* Material for this task
:::

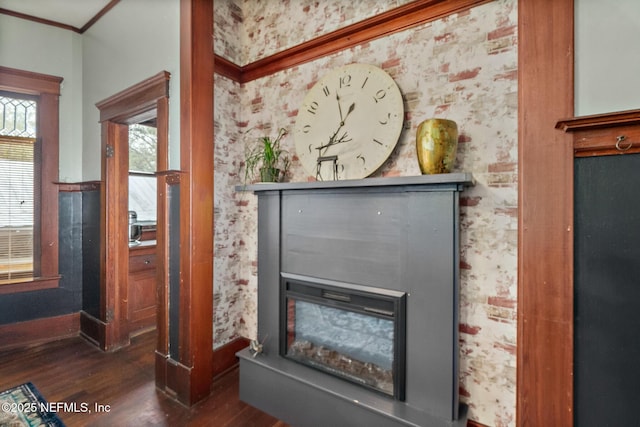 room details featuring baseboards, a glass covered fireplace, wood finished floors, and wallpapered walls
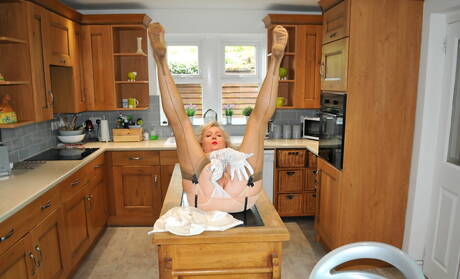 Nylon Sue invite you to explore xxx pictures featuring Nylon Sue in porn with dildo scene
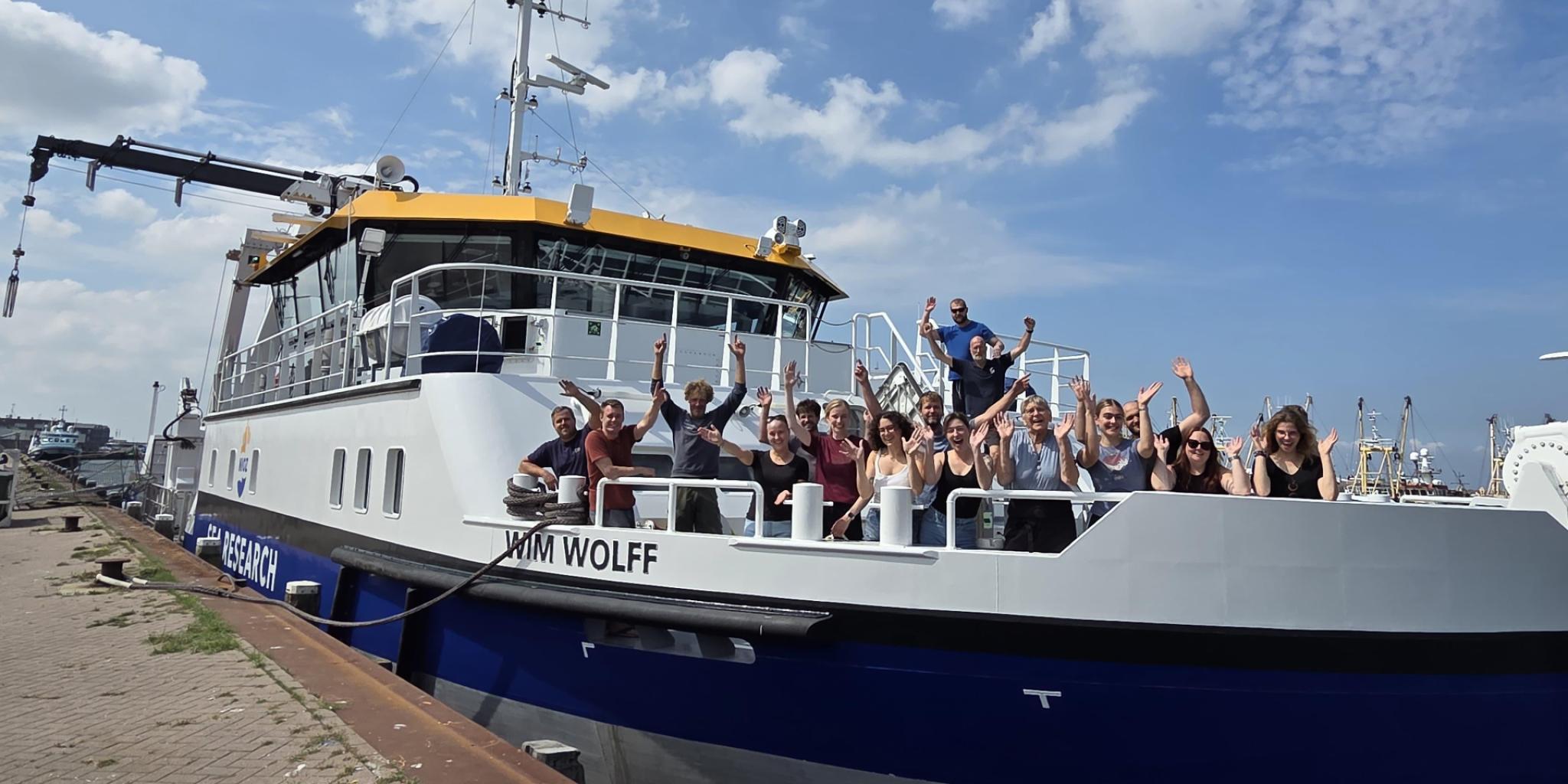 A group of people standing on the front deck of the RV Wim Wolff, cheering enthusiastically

:::

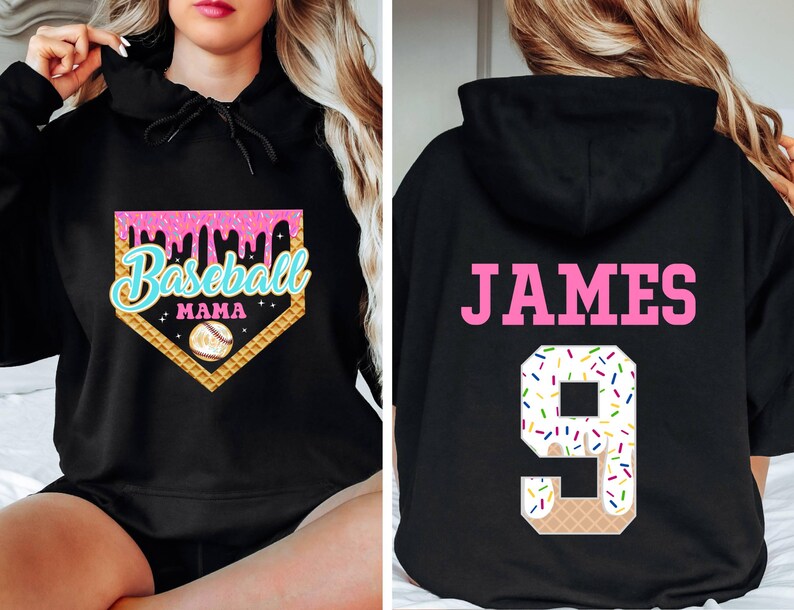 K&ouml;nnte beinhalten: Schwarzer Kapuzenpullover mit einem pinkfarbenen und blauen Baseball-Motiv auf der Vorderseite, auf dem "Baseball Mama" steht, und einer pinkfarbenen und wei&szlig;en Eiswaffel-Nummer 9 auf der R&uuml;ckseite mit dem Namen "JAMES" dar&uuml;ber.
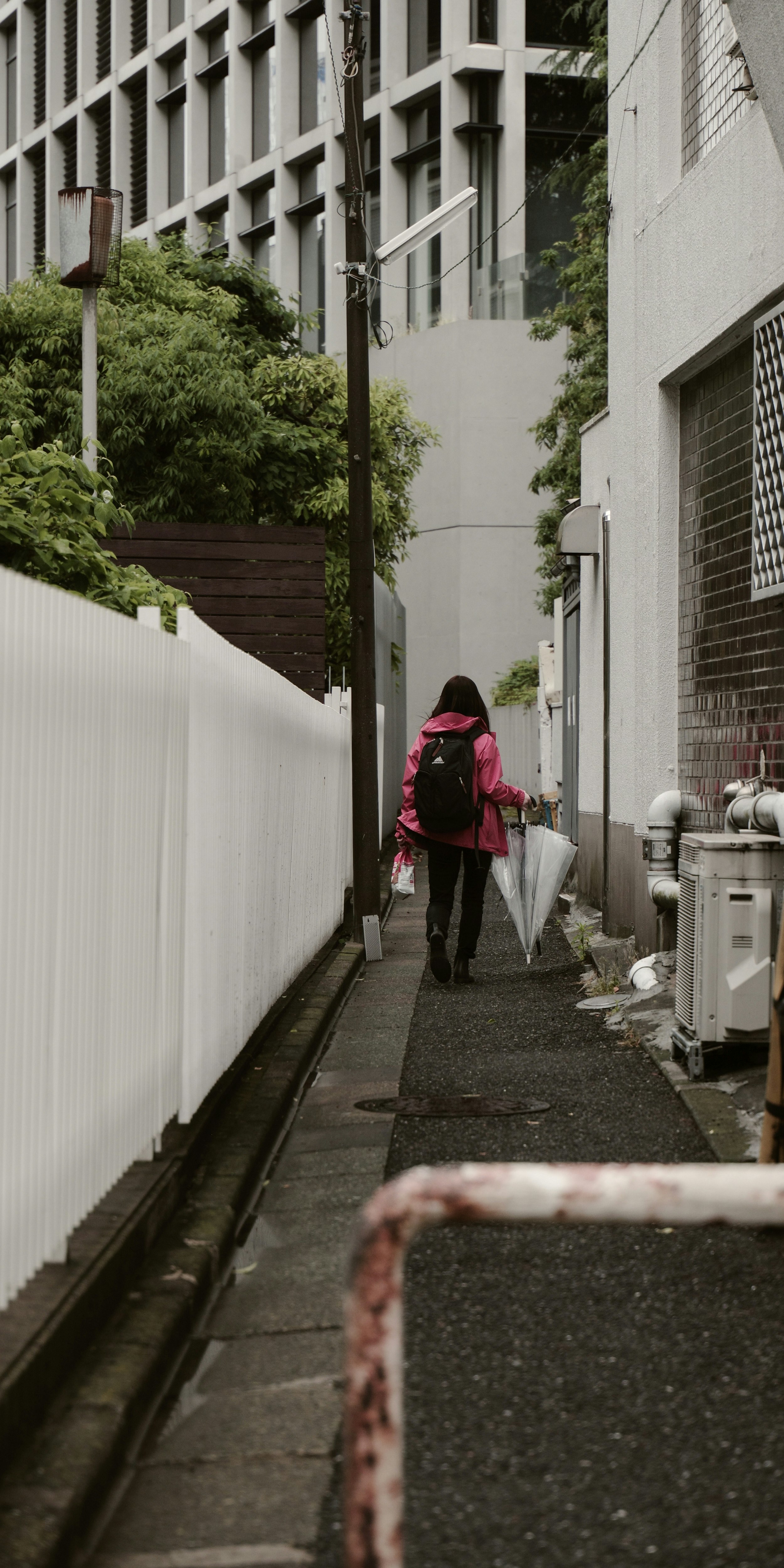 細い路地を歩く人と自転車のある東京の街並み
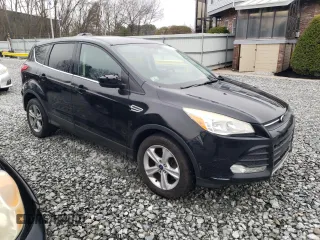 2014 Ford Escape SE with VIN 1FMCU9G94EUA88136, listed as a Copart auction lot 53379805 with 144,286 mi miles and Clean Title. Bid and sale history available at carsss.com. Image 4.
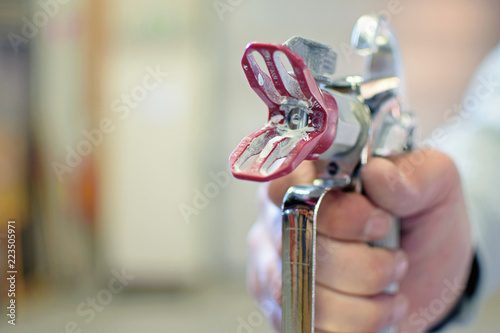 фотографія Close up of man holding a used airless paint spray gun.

:::

* Action item
Skip every picture, and restate word for word only the lines above from the line containing "K&ouml;nnte beinhalten: Schwarzer" to the line containing "фотографія Close up", both of them included.

* Result
 K&ouml;nnte beinhalten: Schwarzer Kapuzenpullover mit einem pinkfarbenen und blauen Baseball-Motiv auf der Vorderseite, auf dem "Baseball Mama" steht, und einer pinkfarbenen und wei&szlig;en Eiswaffel-Nummer 9 auf der R&uuml;ckseite mit dem Namen "JAMES" dar&uuml;ber.
 細い路地を歩く人と自転車のある東京の街並み
 2014 Ford Escape SE with VIN 1FMCU9G94EUA88136, listed as a Copart auction lot 53379805 with 144,286 mi miles and Clean Title. Bid and sale history available at carsss.com. Image 4.
 фотографія Close up of man holding a used airless paint spray gun.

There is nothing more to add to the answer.